Le mafie non sono un male lontano, astratto, relegato alle pagine di cronaca nera o allo scenario violento di una serie tv. Non sono nemmeno un fenomeno confinato al Sud, come ancora troppo spesso si tende a credere. Sono una rete che si insinua nei territori con discrezione e brutalità, capace di inquinare il tessuto economico, sociale e politico ovunque trovi terreno fertile. Anche nel Nord Italia, dove il radicamento mafioso è ormai una realtà consolidata, la loro presenza si manifesta in appalti truccati, aziende infiltrate, intimidazioni silenziose e legami opachi con il potere. Non servono coppole e lupara: oggi le mafie parlano il linguaggio della finanza, si muovono tra uffici e consigli di amministrazione, corrompono, minacciano, si camuffano da rispettabilità. E mentre lo fanno, soffocano la libertà di impresa, alterano la concorrenza, condizionano la politica e plasmano la società a loro immagine, seminando paura e assuefazione.

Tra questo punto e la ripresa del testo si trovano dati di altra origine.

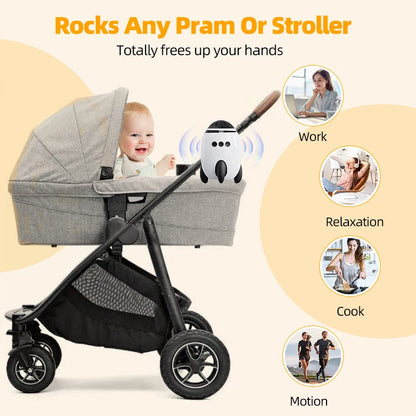 Portable Automatic Baby Rocker Device for Pram Stroller Hands Free Rocking With Soothing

Grazie all’incontro con il colonnello Marco Nieddu della Direzione Investigativa Antimafia (DIA) di Torino, abbiamo avuto l’opportunità di approfondire il fenomeno mafioso in tutta la sua complessità. È stata un’occasione per comprendere la differenza tra associazione a delinquere e criminalità organizzata, le radici storiche e sociali delle principali mafie italiane – Cosa Nostra, ‘ndrangheta, Sacra Corona Unita e camorra – e le modalità con cui queste si infiltrano nei diversi settori della società. Spesso si tratta di un’azione silenziosa, nascosta sotto l’apparenza della legalità, ma non per questo meno pervasiva e dannosa.

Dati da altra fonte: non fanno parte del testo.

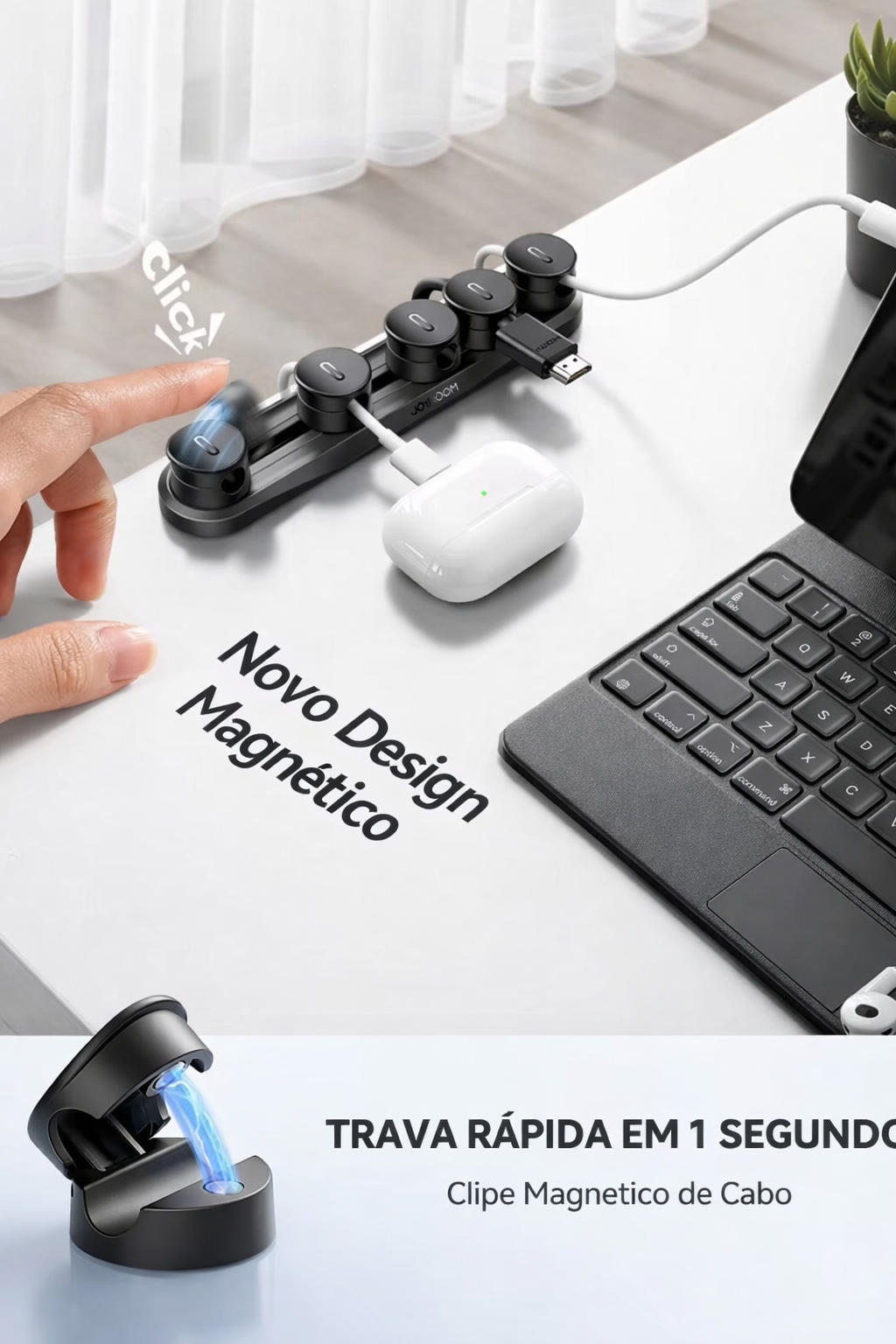 Organizador Magnético de Cabos – Mesa Sempre Organizada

Il colonnello Nieddu ha illustrato anche il lavoro della DIA, nata nel 1991 da un’intuizione di Giovanni Falcone. Durante le sue indagini sulle infiltrazioni mafiose nelle istituzioni, il magistrato si rese conto che gli strumenti investigativi a disposizione – seppur efficaci contro i livelli più bassi dell’organizzazione criminale – non erano sufficienti per colpire le strutture di vertice. Da qui l’idea di un’agenzia specializzata nella lotta alla criminalità organizzata, che diventò operativa nel gennaio 1992. Pochi mesi dopo, Falcone e Borsellino sarebbero stati assassinati in due attentati che hanno segnato profondamente la storia del Paese.

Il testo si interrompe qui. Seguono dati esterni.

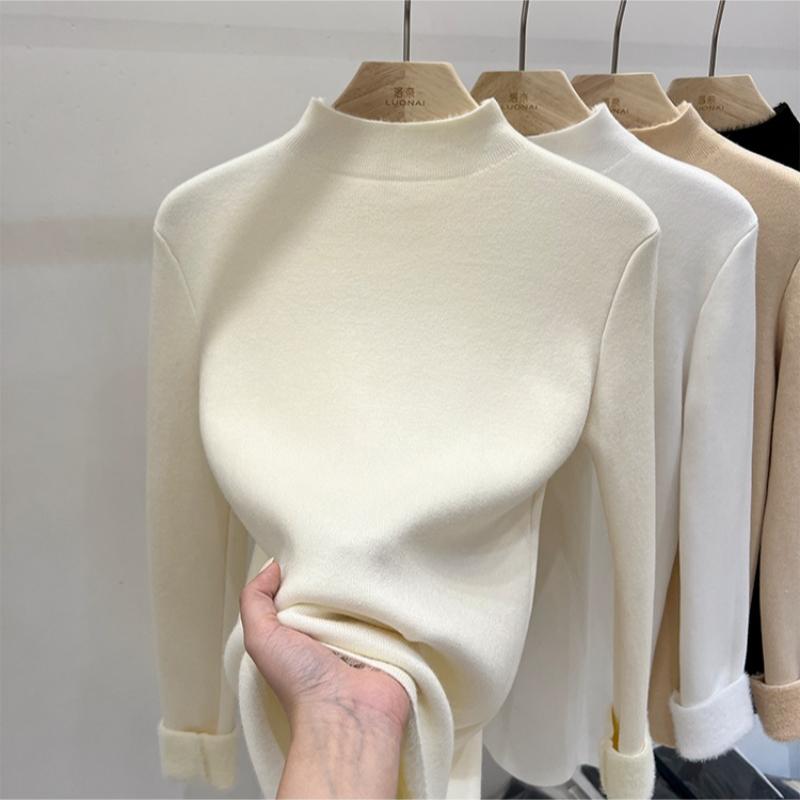 Autumn Half High Collar Slim Fit Warm Knitted Sweater Women Fashion Winter Thick Velvet Base Pullover Sweaters for Women Casual Plush Knitwears 24886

L’incontro con il colonnello Nieddu è stato fondamentale per comprendere l’architettura della lotta alle mafie, che si sviluppa su più livelli: investigativo, giudiziario e politico-amministrativo. La repressione è essenziale, ma altrettanto cruciale è la prevenzione, che passa attraverso la consapevolezza e l’educazione alla legalità. Le mafie prosperano sull’ignoranza e sull’indifferenza: la cultura è uno strumento potente per contrastarle. Riflettere su come anche una scelta apparentemente insignificante – come l’acquisto di uno spinello – possa alimentare il sistema criminale significa riconoscere la nostra responsabilità di cittadini. Ogni nostra azione può contribuire a rafforzare o a indebolire la rete mafiosa.
Un ringraziamento speciale al colonnello Nieddu per averci offerto questa importante occasione di confronto, che ci ha aiutato a comprendere quanto sia fondamentale il ruolo di ciascuno di noi nella costruzione di una società libera dalla criminalità organizzata.